WHAT THIS TASK INVOLVES:
For this exercise, write out the whole listing below exactly, omitting its images.

--

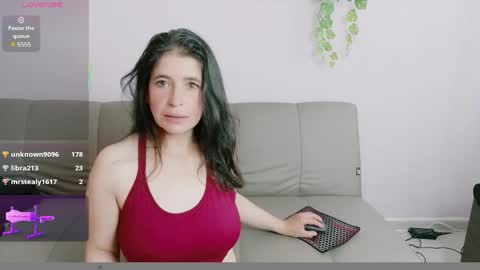 Snapshot of zara_fire chatting on May 2026 09:01:02 PM zara_fire online show from May 2026 09:01:02 PM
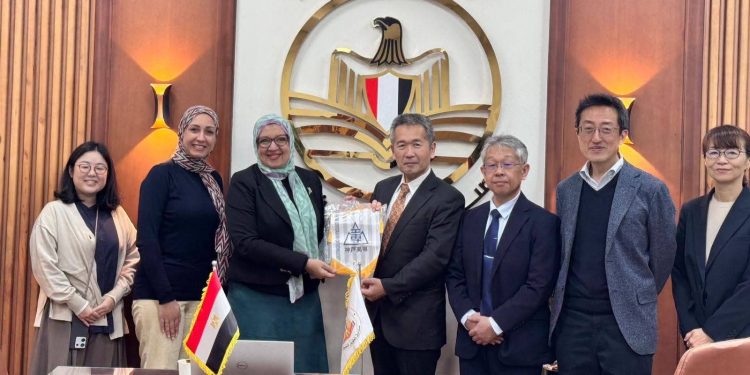  «تطوير التعليم بالوزراء» يستقبل وفد «الجايكا» لبحث إدخال تخصصات الطاقة الخضراء والألواح الشمسية بمعاهد الكوزن المصرية
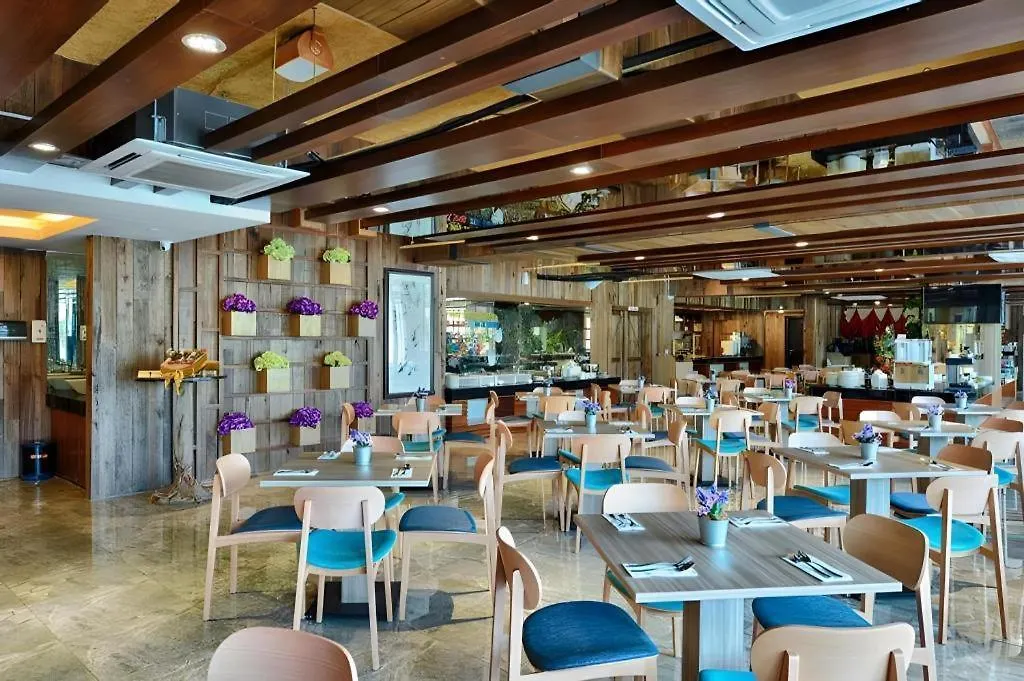 Goldsands Hotel Langkawi Pantai Cenang  4*, Pantai Cenang (Langkawi)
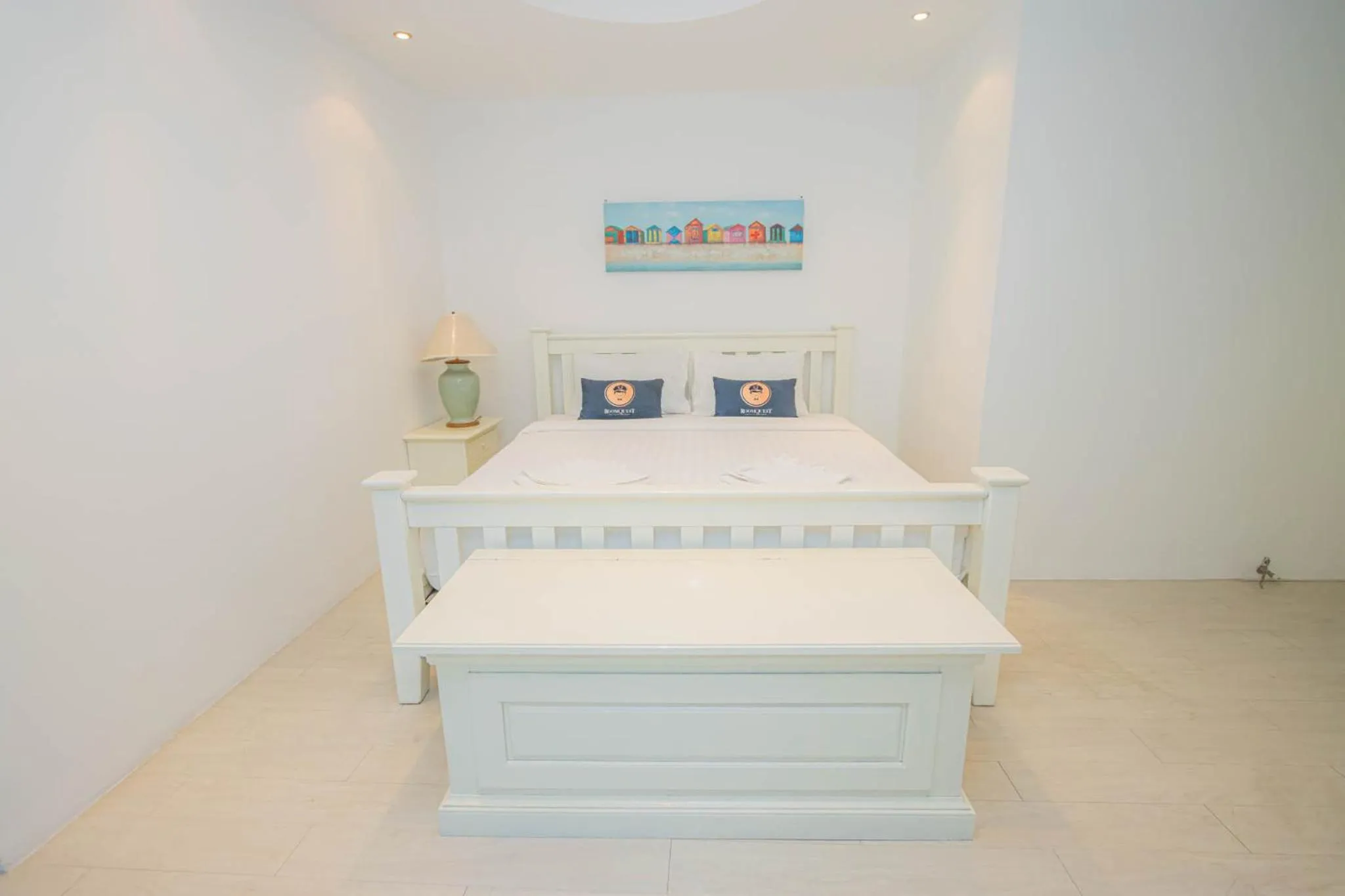 Bed in Utopia Kata By RoomQuest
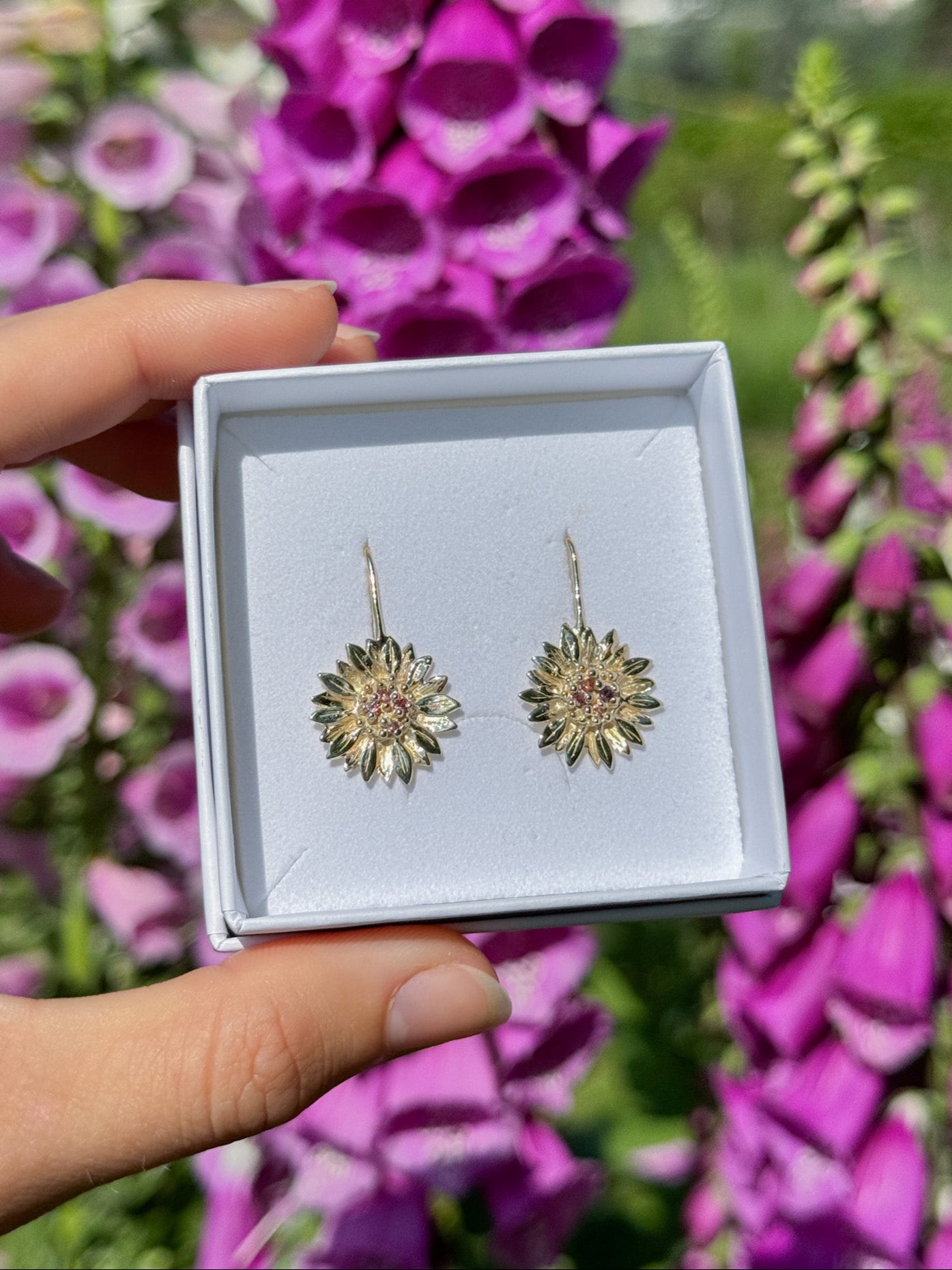 Orecchini artigianali a forma di girasole realizzati su misura da Aurora Bariletti in oro giallo e zaffiri.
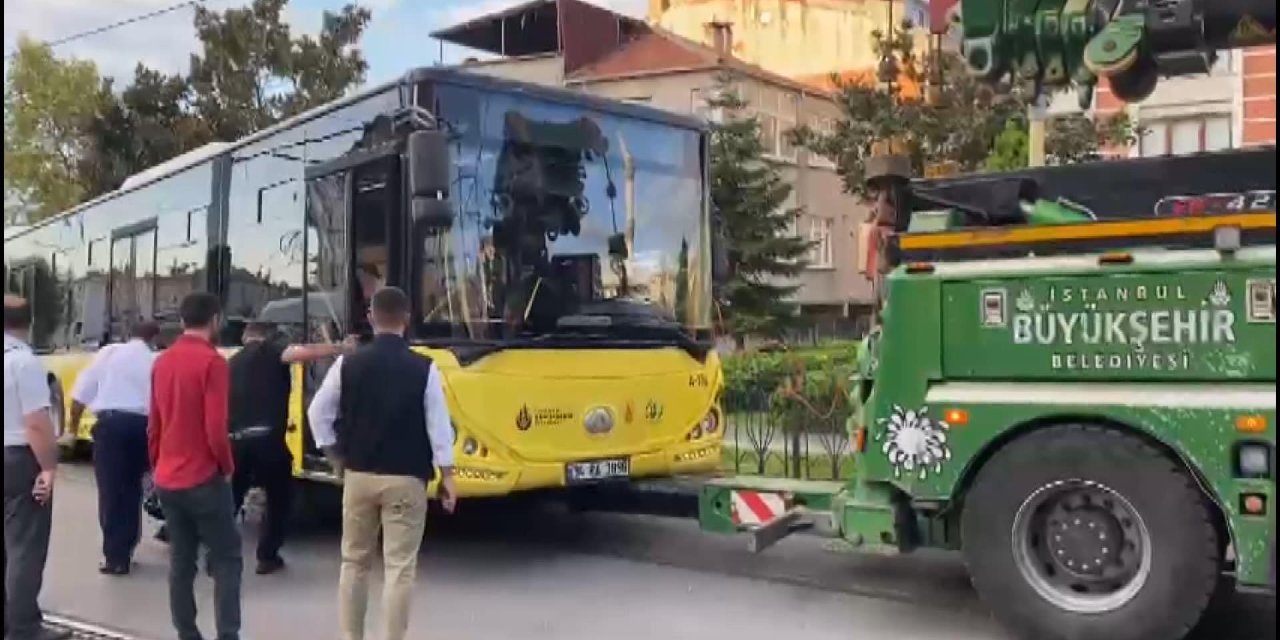 İETT otobüsü tramvay hattında kaza yaptı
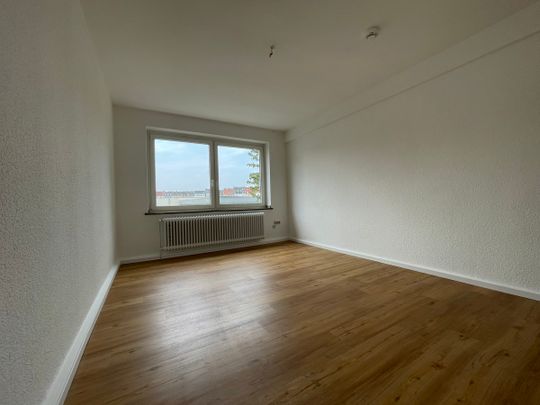 Renovierte 3-Zimmerwohnung mit 79m² Wohnfläche in Pempelfort! - Foto 1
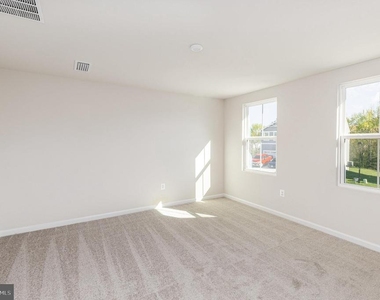 6210 Farrier Way - Photo Thumbnail 12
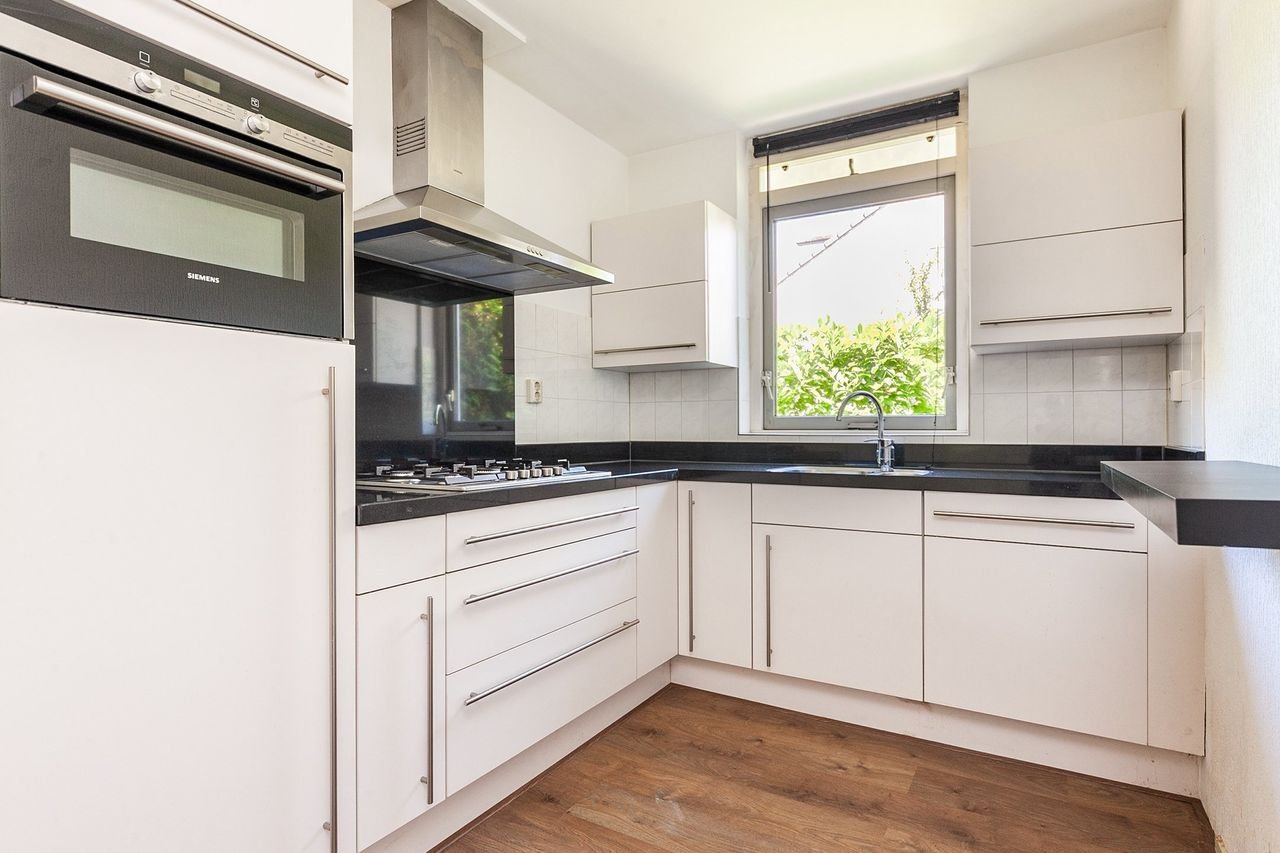 Bright family home (130 m²) with private garage - Image 13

--

RESPONSE:
 Snapshot of zara_fire chatting on May 2026 09:01:02 PM zara_fire online show from May 2026 09:01:02 PM
  «تطوير التعليم بالوزراء» يستقبل وفد «الجايكا» لبحث إدخال تخصصات الطاقة الخضراء والألواح الشمسية بمعاهد الكوزن المصرية
 Goldsands Hotel Langkawi Pantai Cenang  4*, Pantai Cenang (Langkawi)
 Bed in Utopia Kata By RoomQuest
 Orecchini artigianali a forma di girasole realizzati su misura da Aurora Bariletti in oro giallo e zaffiri.
 İETT otobüsü tramvay hattında kaza yaptı
 Renovierte 3-Zimmerwohnung mit 79m² Wohnfläche in Pempelfort! - Foto 1
 6210 Farrier Way - Photo Thumbnail 12
 Bright family home (130 m²) with private garage - Image 13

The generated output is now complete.